Norbelis Bárzaga

Personal information
- Full name: Norbelis Bárzaga Vázquez
- Nationality: Cuba
- Born: 21 February 1975 (age 51) Jiguaní, Cuba
- Height: 1.77 m (5 ft 9+1⁄2 in)
- Weight: 75 kg (165 lb)

Sport
- Sport: Shooting
- Event(s): 10 m air pistol (AP60) 50 m pistol (FP)
- Club: Ciudad de Granma
- Coached by: Narciso López

Medal record
Men's shooting
Representing Cuba
Pan American Games
| Gold medal – first place | 1995 Mar del Plata | AP60 |
| Bronze medal – third place | 1999 Winnipeg | FP |
| Bronze medal – third place | 2003 Santo Domingo | FP |

= Norbelis Bárzaga =

Cuban sports shooter (born 1975)

Norbelis Bárzaga Vázquez (born February 21, 1975, in Jiguaní) is a Cuban sport shooter. He had won a total of three medals (one gold and two bronze) in pistol shooting at the Pan American Games, and was selected to represent Cuba in two editions of the Olympic Games (2000 and 2004). Throughout his sporting career, Barzaga trained as a member of the shooting team for Granma City Sport Club under his personal coach Narciso López.

Barzaga's Olympic debut came at the 2000 Summer Olympics in Sydney, where he placed thirtieth in the free pistol and thirty-third in the air pistol, accumulating total scores of 547 and 566 respectively.
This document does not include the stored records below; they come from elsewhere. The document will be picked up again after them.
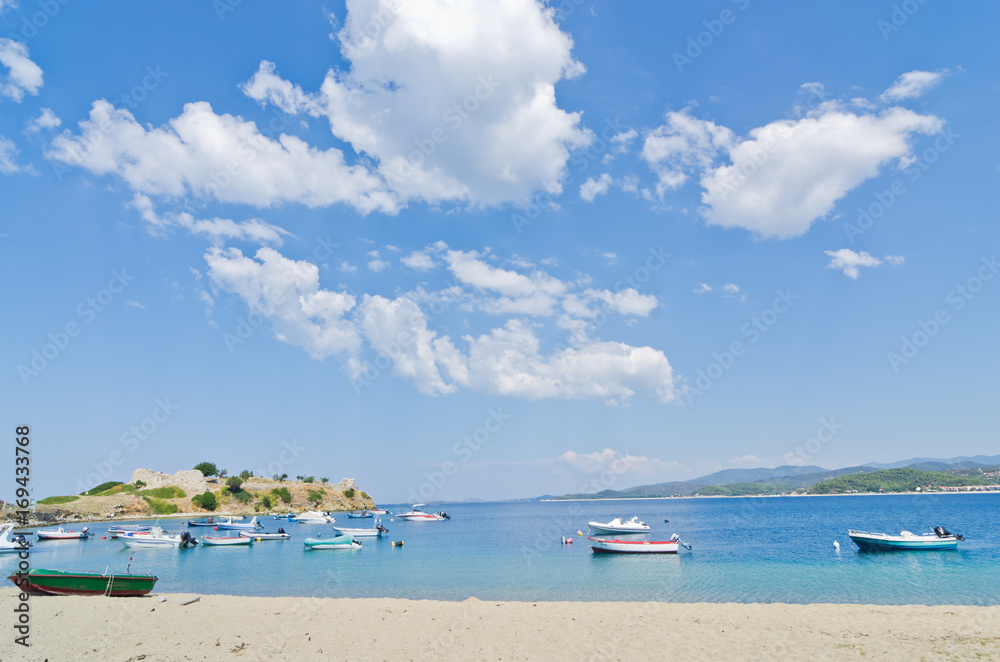 Under the perfect clouds, boats in a small fishing harbour at the beach in Sithonia, Greece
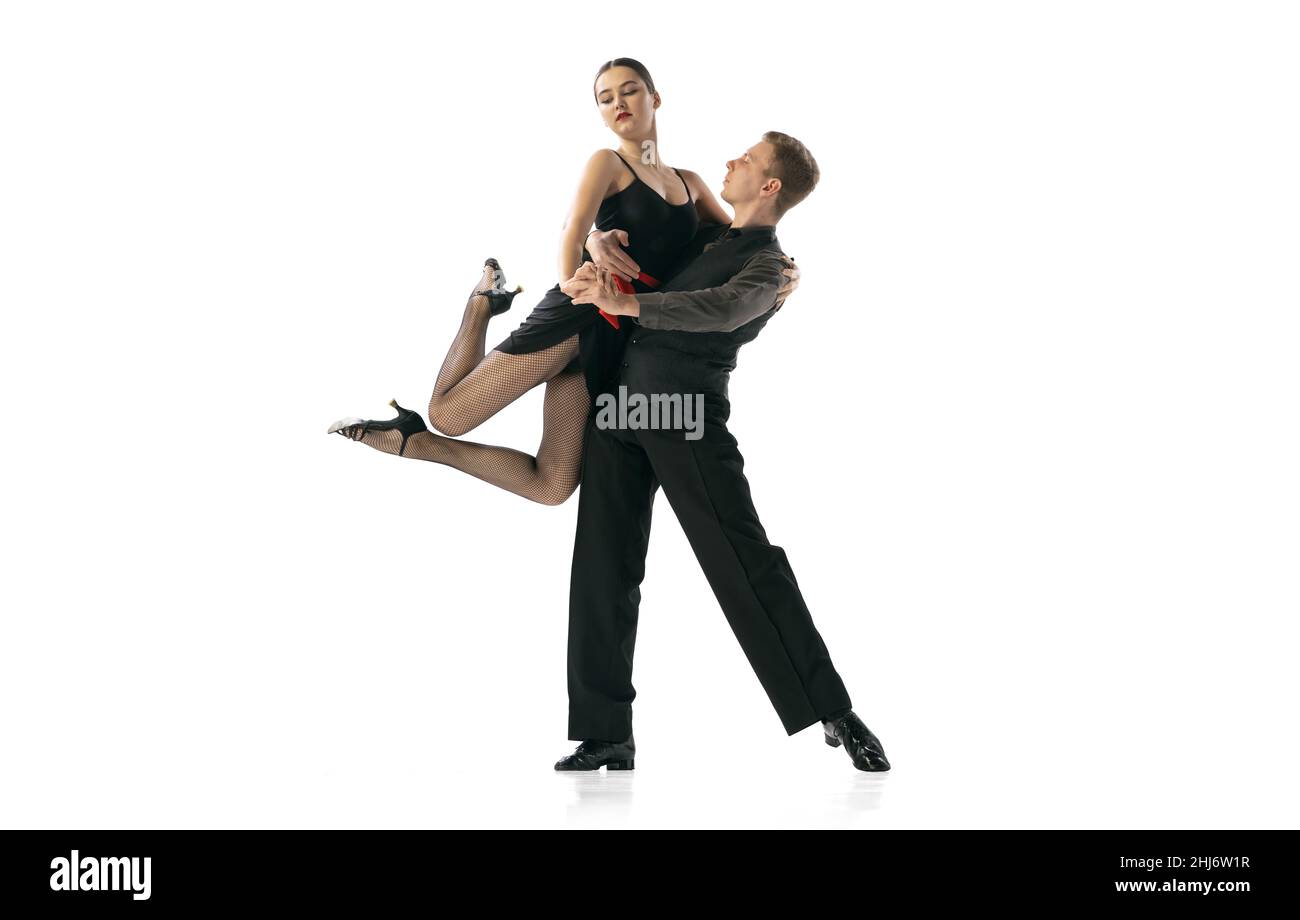 Beautiful sportive young man and woman dancing Argentine tango isolated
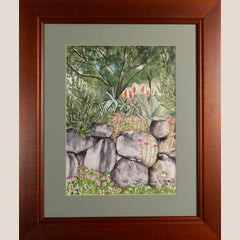 A framed watercolor painting of a garden scene with rocks, green foliage, and small orange and pink flowers, set in a mat and a warm brown wooden frame.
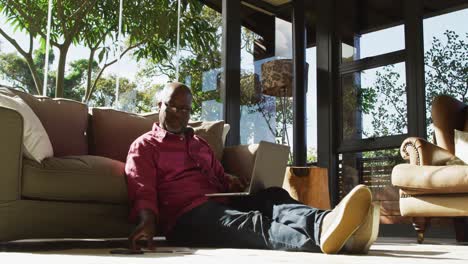 african american senior man sitting on living room floor working, holding paperwork and using laptop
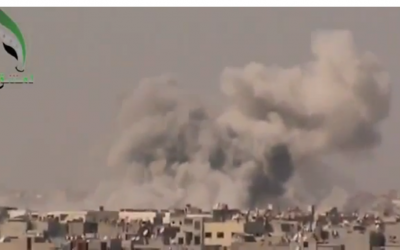 Smoke rising from a bombing in Damascus on September 19. (photo credit: Image capture from YouTube video uploaded by Freeeeelibyan)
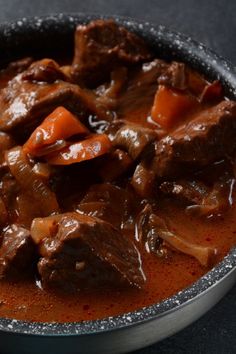 a bowl filled with meat and carrots on top of a table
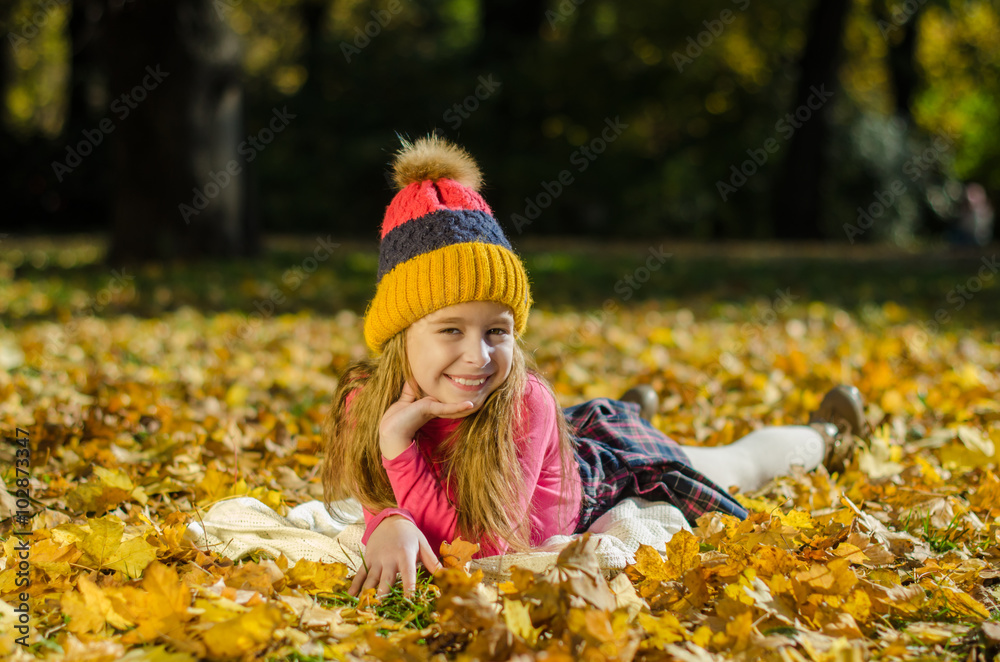 Pretty smiling girl lying on yellow leaves Pretty smiling girl lying on yellow leaves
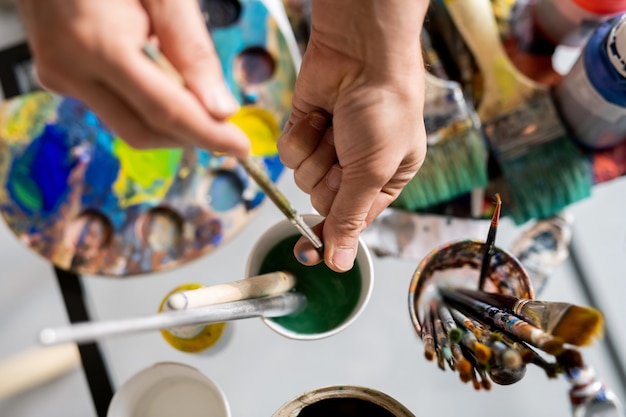 Photo hands of painter holding paintbrush over glass of water while cleaning and drying bristles before work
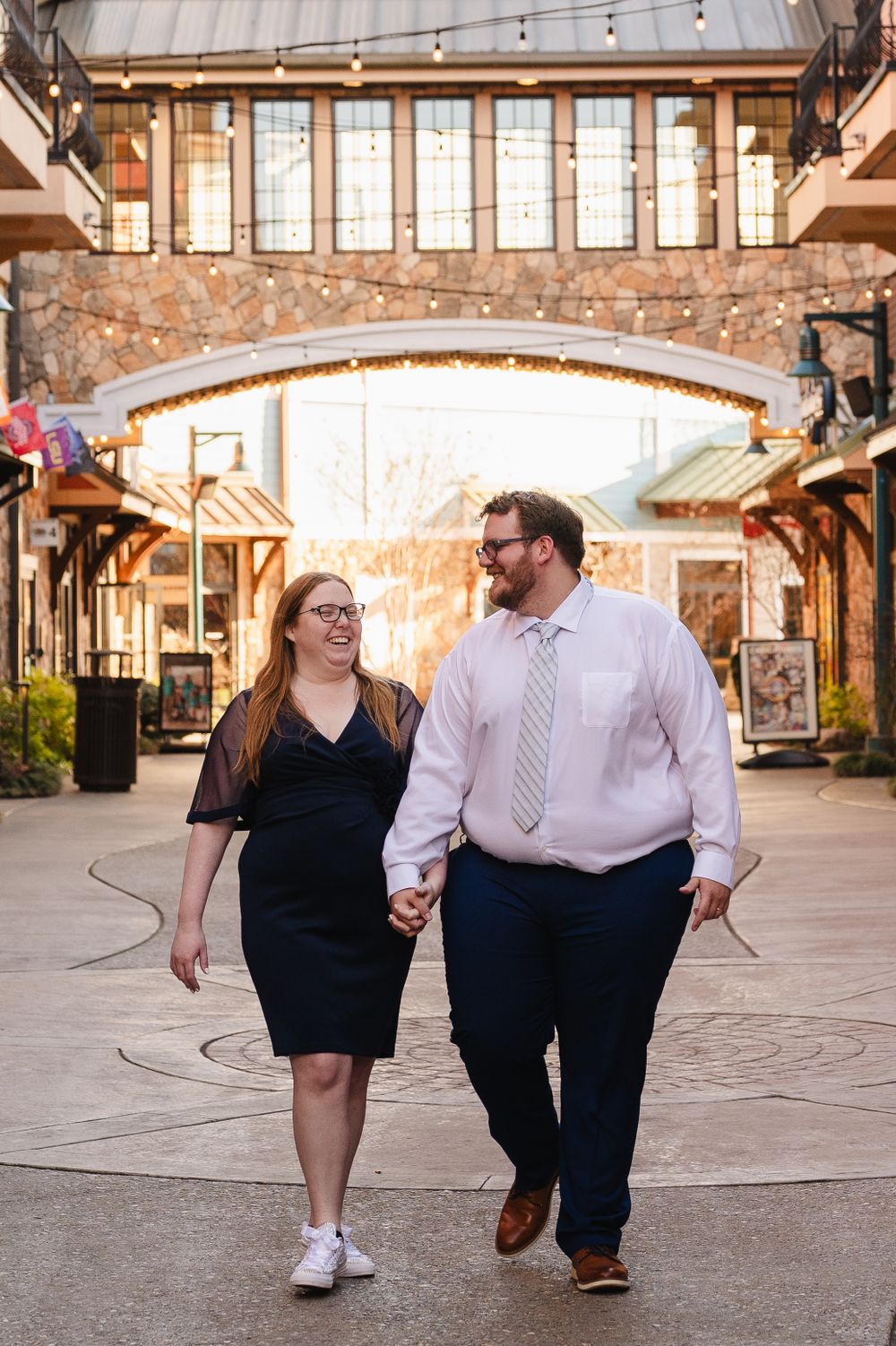 A couple walks hand in hand through a stylish shopping center with stone archways and warm lighting.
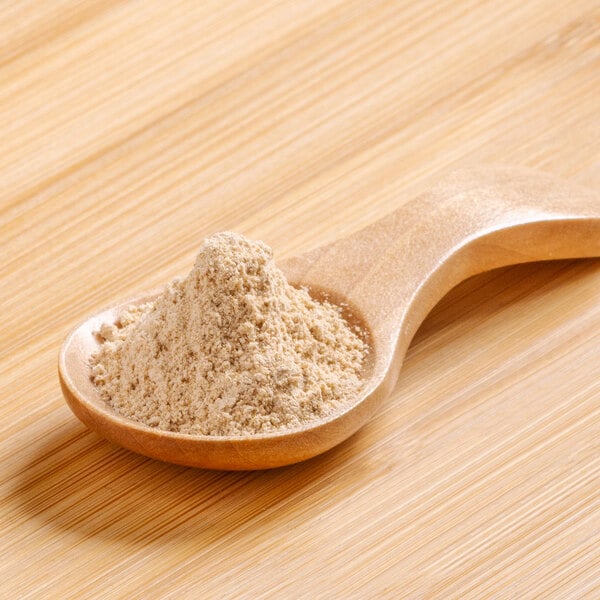 A wooden spoon full of Rainforest Supply Maca Powder.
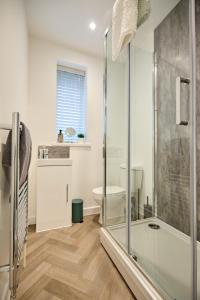 y baño con ducha y aseo. en Modern 5 Bedroom Fully upgraded with Free Parking, en Earlham
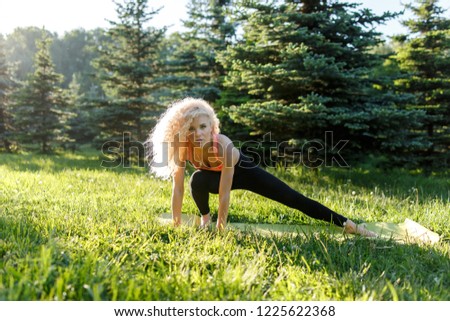 Image of young curly-haired sports woman practicing yoga on rug in park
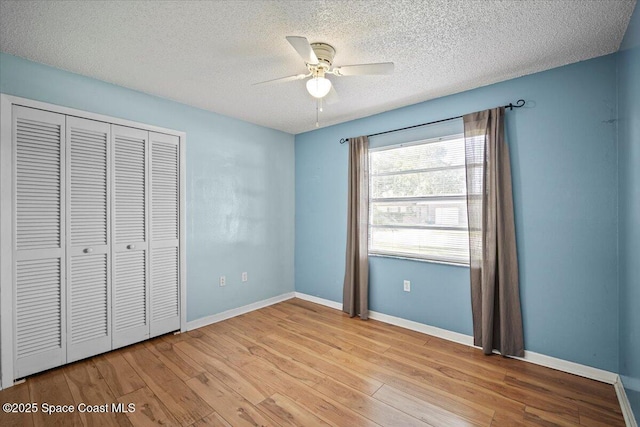 3664 Longbow Rd, Cocoa, FL 32926 - unfurnished bedroom with wood finished floors, a closet, a textured ceiling, and ceiling fan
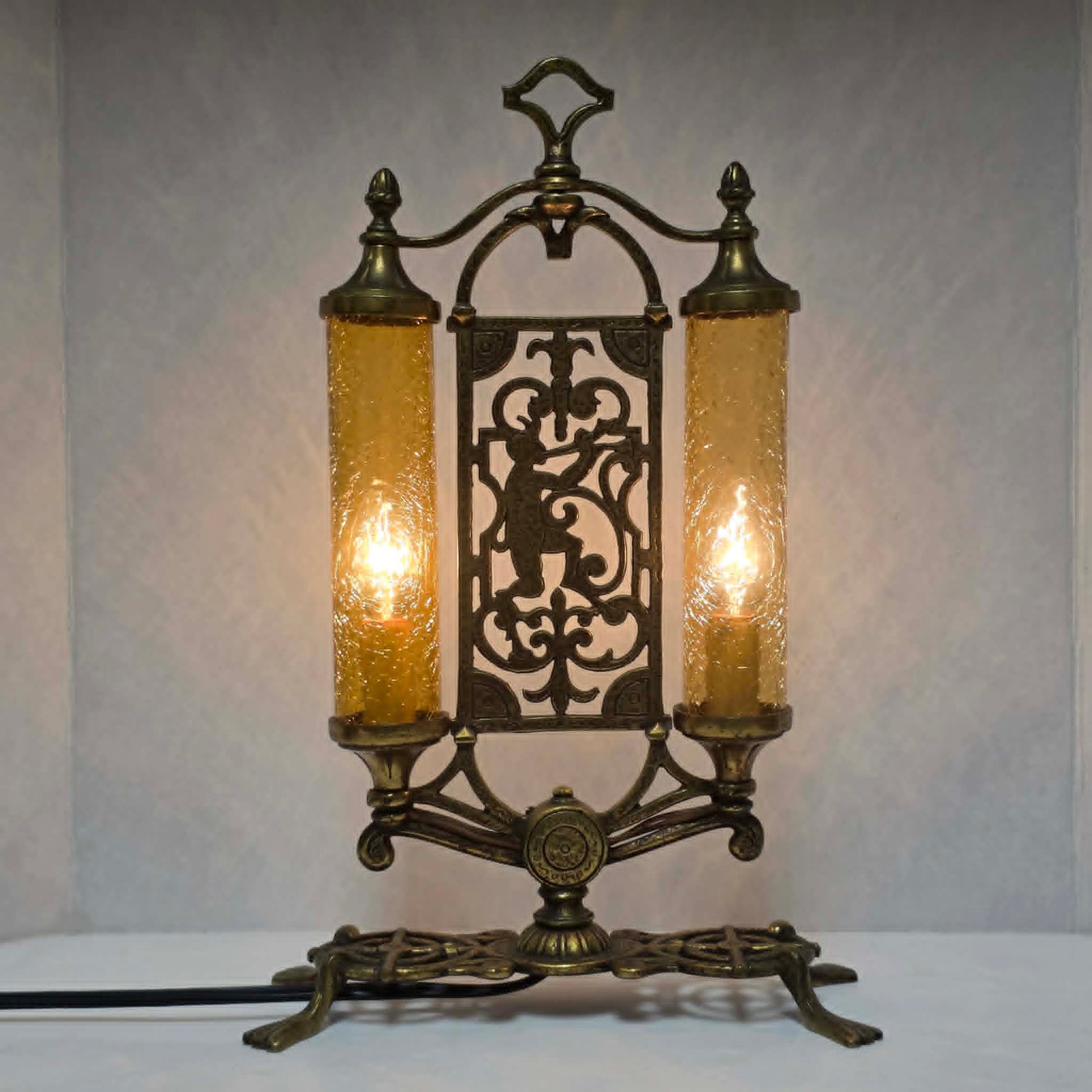 Exceptional Art Deco Mutual Sunset bronze lamp with Pan figure, original patina, and amber glass shades.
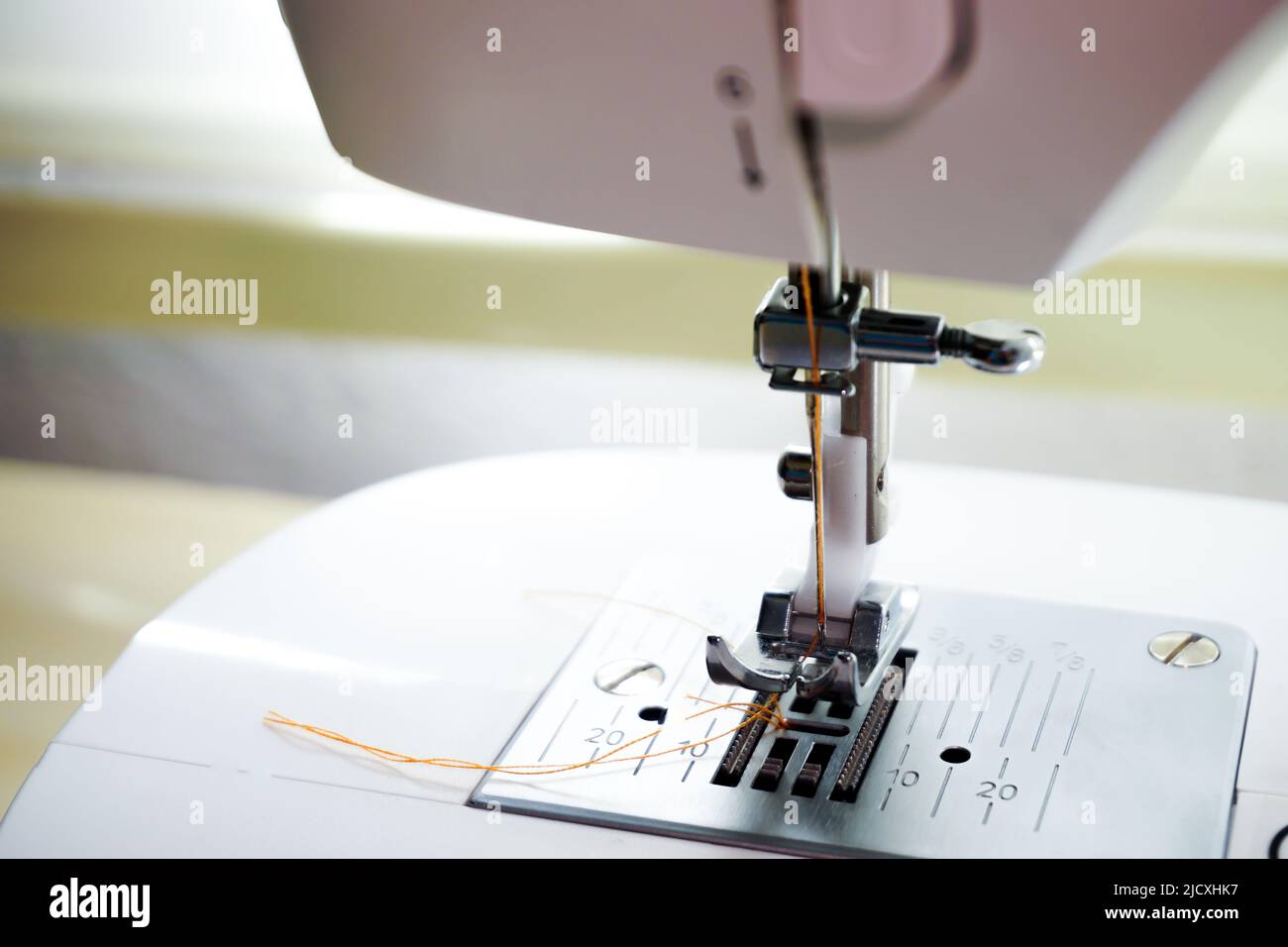 Sewing machine needle bobbin and stitch settings details close up view
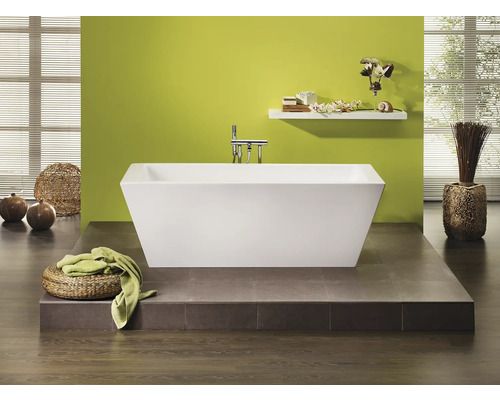 Salle de bain moderne avec baignoire îlot, étagère de rangement et éléments décoratifs.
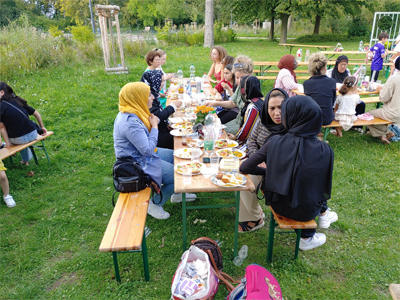 Viele Gäste sitzen an Tischen auf einer Rasenfläche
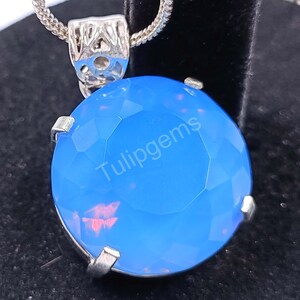 May include: A silver pendant necklace featuring a large, faceted, round, light blue gemstone. The gemstone has a subtle pinkish hue within its depths. The text "Tulipgems" is printed on the gemstone. The necklace chain is also silver.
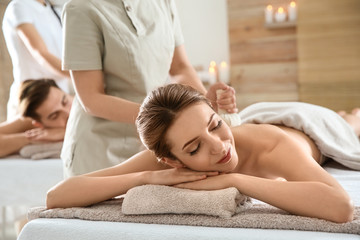 Fototapeta na wymiar Romantic young couple enjoying herbal bag massage in spa salon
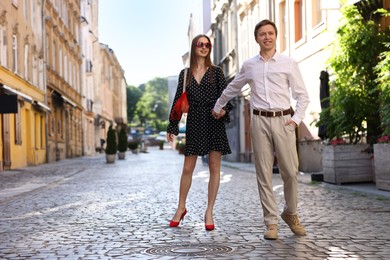Photo of Lovely couple walking together on city street, space for text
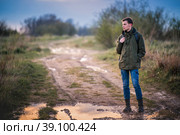 Молодой мужчина турист с рюкзаком идет по размытой грязной дороге на фоне вечернего заката. Стоковое фото, фотограф Мария Мороз / Фотобанк Лори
At the 2004 Summer Olympics in Athens, Barzaga qualified for his second Cuban team in pistol shooting. Earlier in the process, he picked up his third career medal (the first being done in 1995 and the other in 1999) with a bronze in free pistol at the 2003 Pan American Games in Santo Domingo, Dominican Republic to grab one of the Olympic slots for his nation, accumulating a total score of 638.9 and a mandatory Olympic standard of 545 from the prelims. Barzaga fired 573 points to obtain the thirtieth spot in the men's 10 m air pistol, and then edged out his compatriot Arseny Borrero by a seven-point mark to share a thirty-fourth-place finish and a score of 542 with Spain's José Antonio Colado in the men's 50 m pistol, falling short of his chance to advance into the final for both events.